### What is expected
Pictures must not appear in the copy. Restate exactly the lines below from the one with "Peut inclure: Gros" through the one with "Mountain summer landscape", inclusive.

[Stored items]
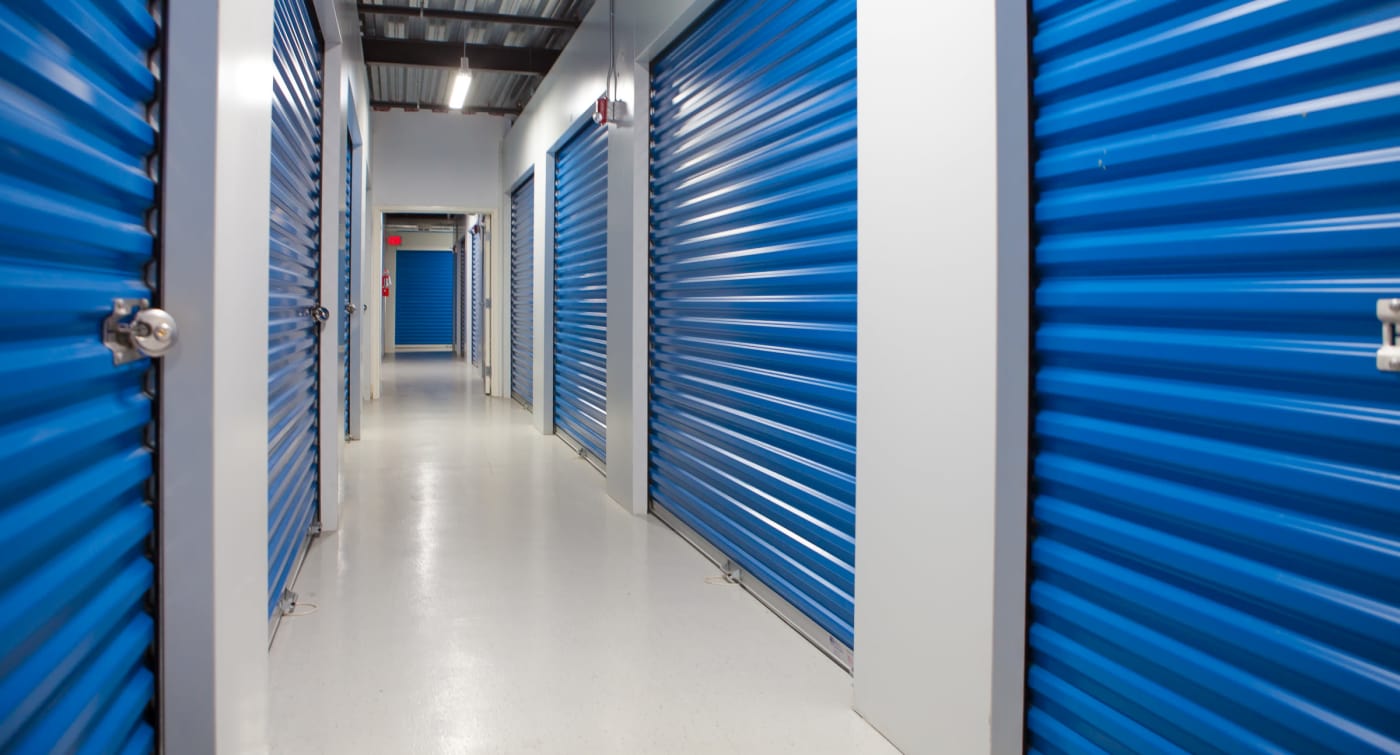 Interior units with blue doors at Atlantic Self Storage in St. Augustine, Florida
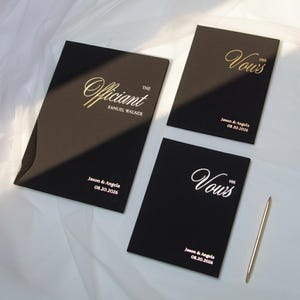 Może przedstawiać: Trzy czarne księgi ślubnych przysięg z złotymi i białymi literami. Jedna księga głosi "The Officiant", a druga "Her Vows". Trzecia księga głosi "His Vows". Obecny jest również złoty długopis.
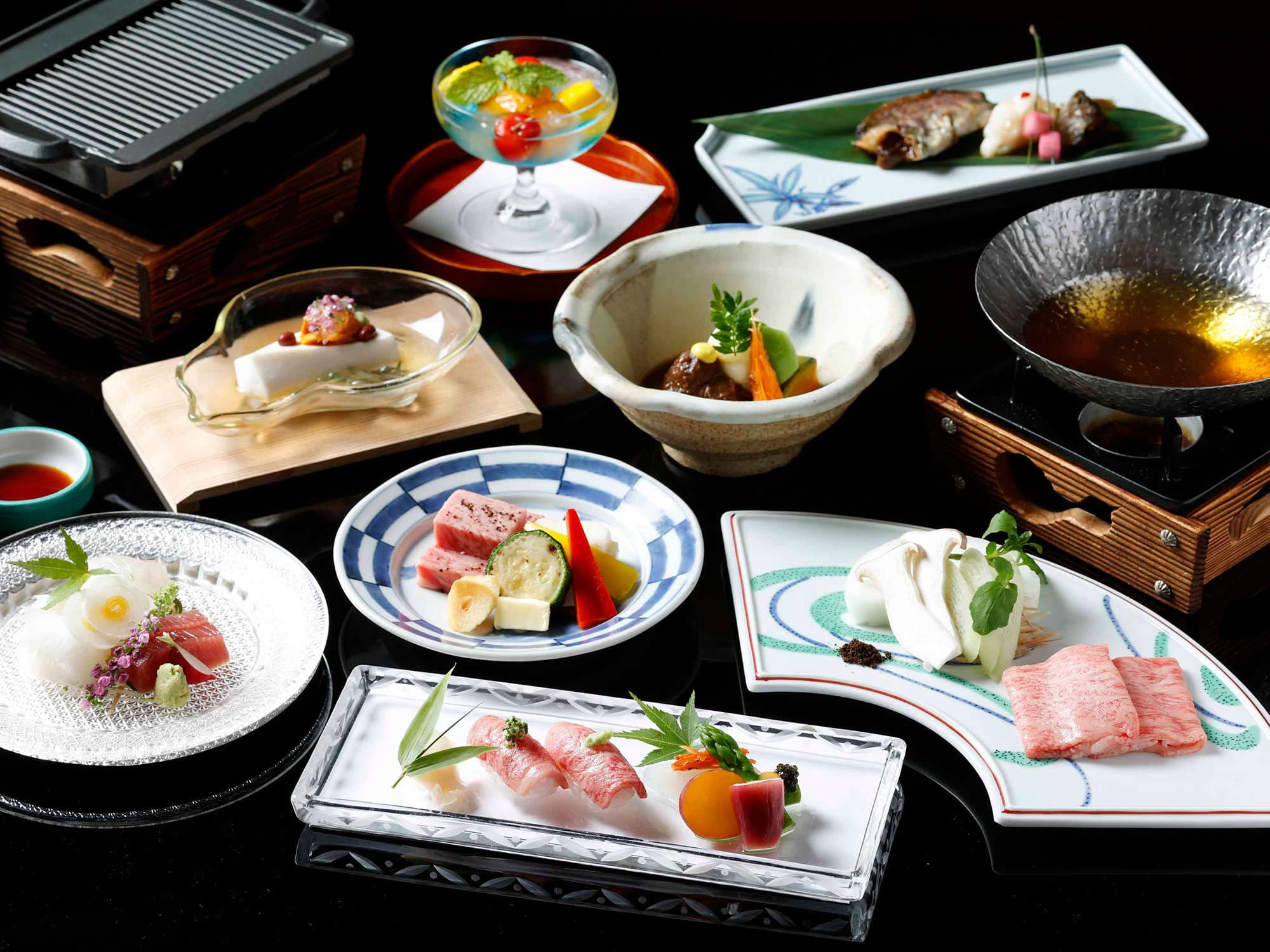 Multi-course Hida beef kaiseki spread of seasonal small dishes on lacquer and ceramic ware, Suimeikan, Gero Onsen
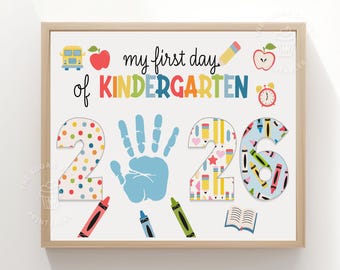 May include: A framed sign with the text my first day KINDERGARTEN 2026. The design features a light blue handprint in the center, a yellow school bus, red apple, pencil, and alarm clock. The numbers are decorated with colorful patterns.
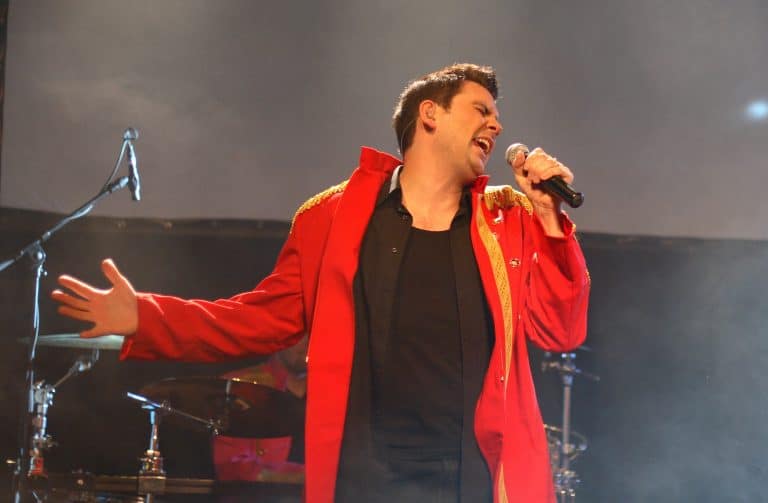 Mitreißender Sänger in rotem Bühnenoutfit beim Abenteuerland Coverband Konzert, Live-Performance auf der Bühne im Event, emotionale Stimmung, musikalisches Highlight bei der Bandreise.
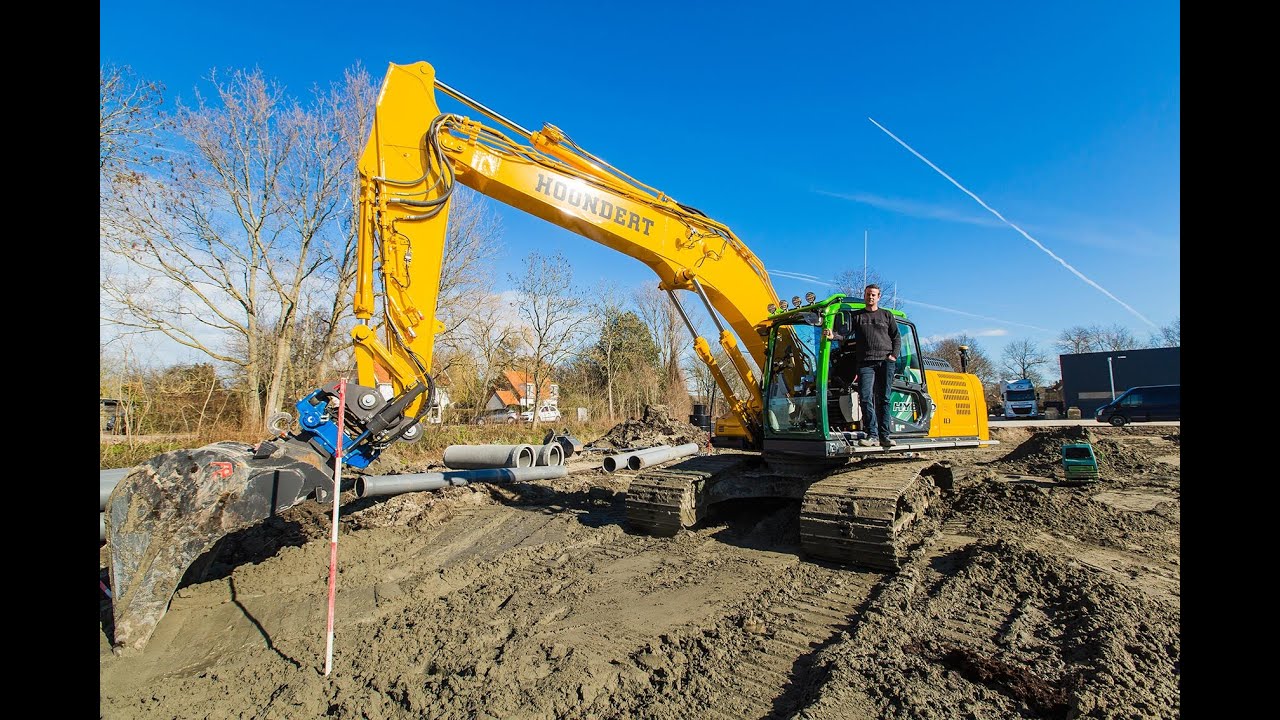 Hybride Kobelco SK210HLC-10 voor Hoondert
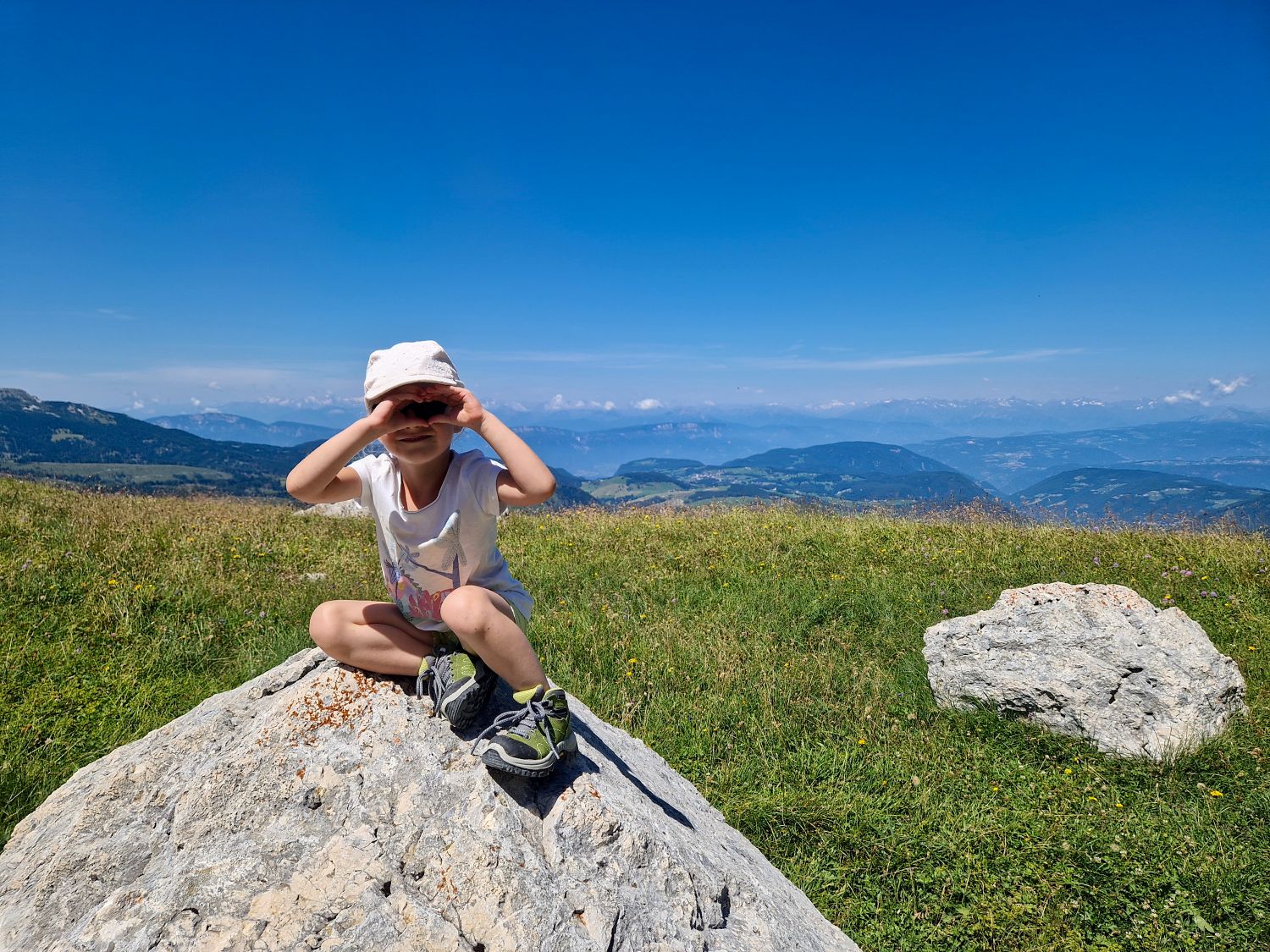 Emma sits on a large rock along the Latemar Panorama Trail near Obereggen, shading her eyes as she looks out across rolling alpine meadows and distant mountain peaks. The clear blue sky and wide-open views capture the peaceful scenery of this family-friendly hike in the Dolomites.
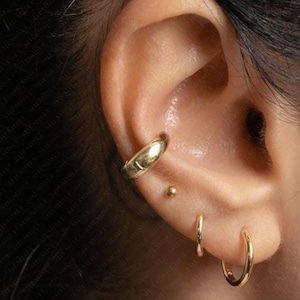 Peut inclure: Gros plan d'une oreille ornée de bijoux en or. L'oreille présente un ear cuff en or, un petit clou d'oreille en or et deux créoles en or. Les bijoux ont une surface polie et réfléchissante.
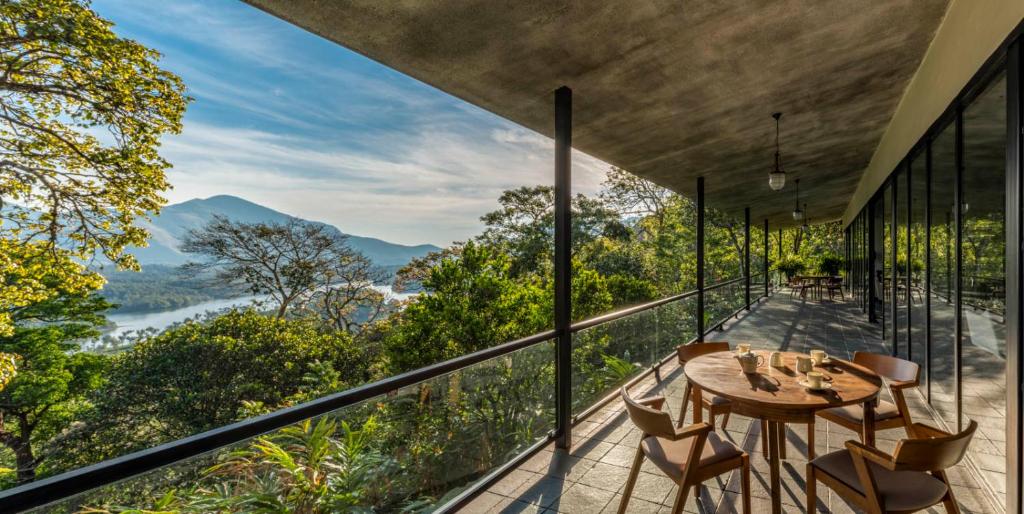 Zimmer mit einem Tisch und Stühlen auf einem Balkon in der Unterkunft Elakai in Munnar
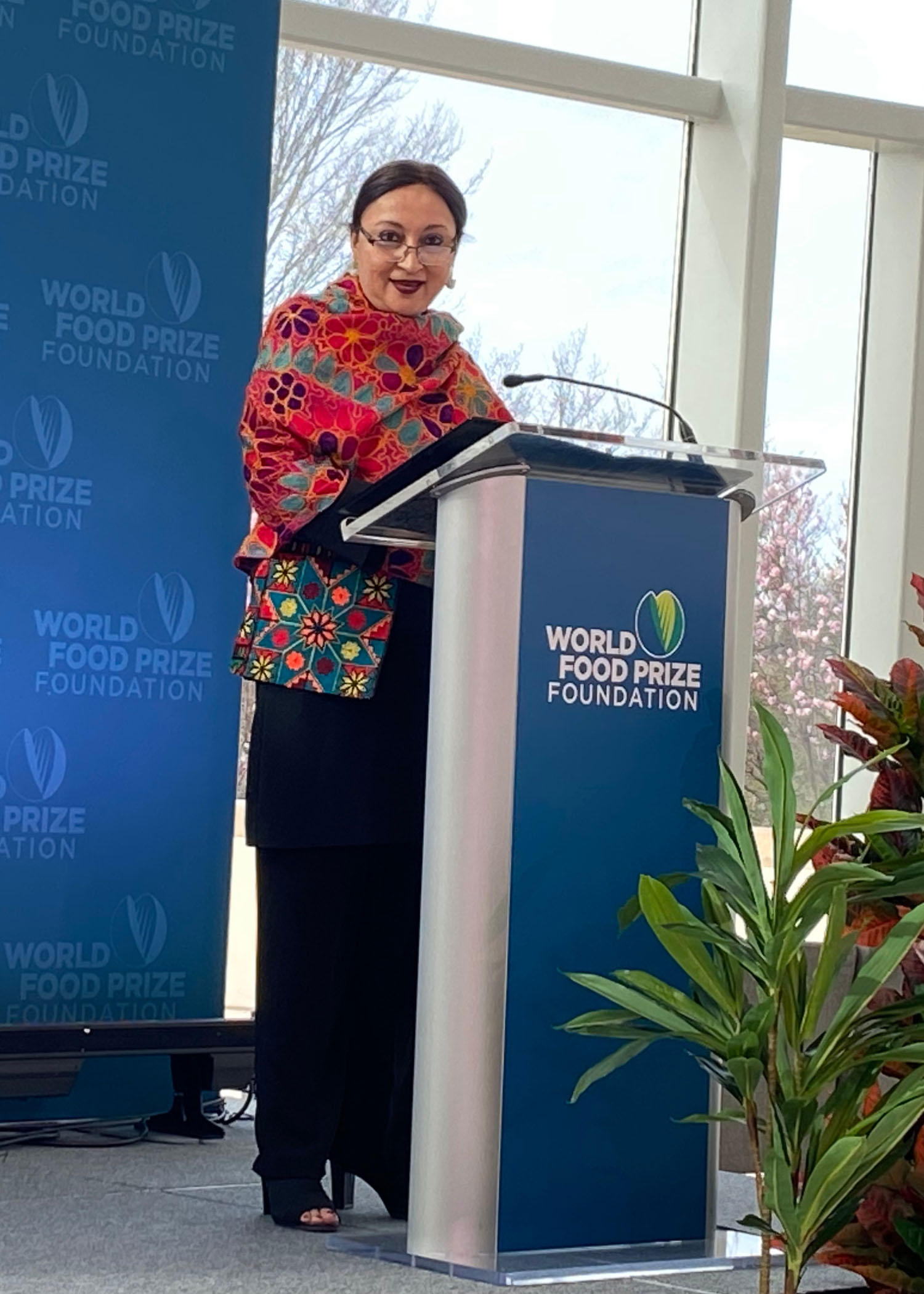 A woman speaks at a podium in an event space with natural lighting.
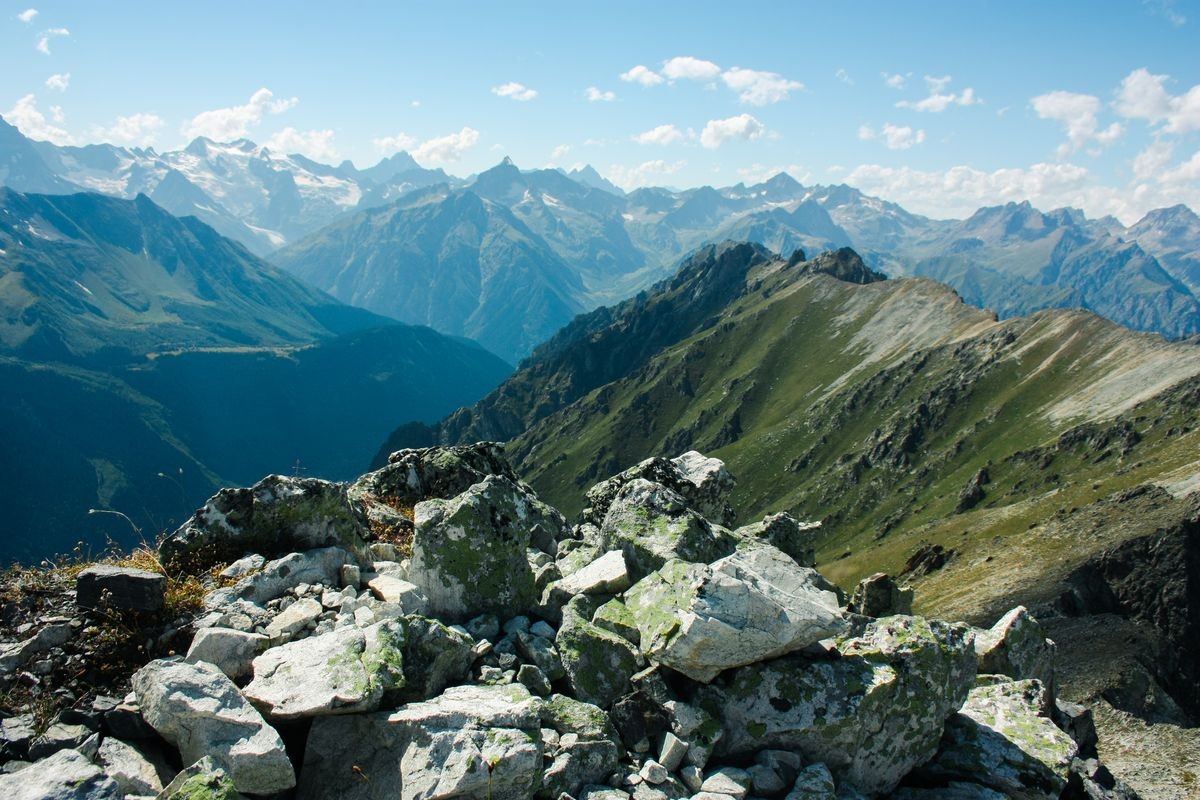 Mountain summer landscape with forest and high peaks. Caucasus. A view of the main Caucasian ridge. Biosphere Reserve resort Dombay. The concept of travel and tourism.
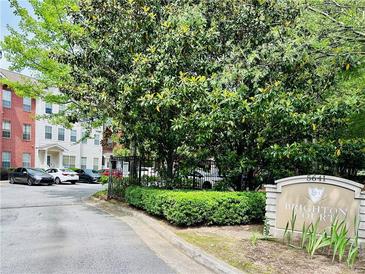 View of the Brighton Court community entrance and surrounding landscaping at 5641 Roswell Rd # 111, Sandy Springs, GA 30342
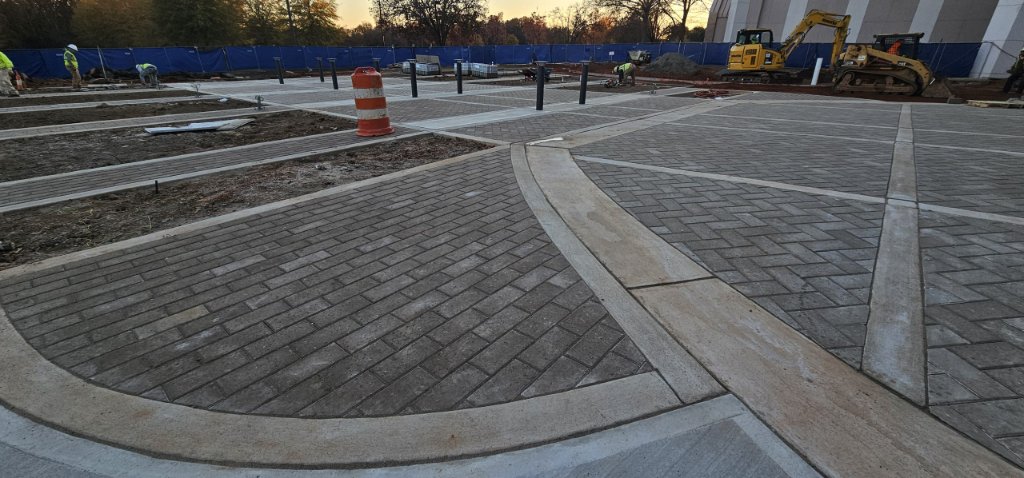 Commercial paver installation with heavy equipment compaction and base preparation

### Output of the task
 Peut inclure: Gros plan d'une oreille ornée de bijoux en or. L'oreille présente un ear cuff en or, un petit clou d'oreille en or et deux créoles en or. Les bijoux ont une surface polie et réfléchissante.
 Zimmer mit einem Tisch und Stühlen auf einem Balkon in der Unterkunft Elakai in Munnar
 A woman speaks at a podium in an event space with natural lighting.
 Mountain summer landscape with forest and high peaks. Caucasus. A view of the main Caucasian ridge. Biosphere Reserve resort Dombay. The concept of travel and tourism.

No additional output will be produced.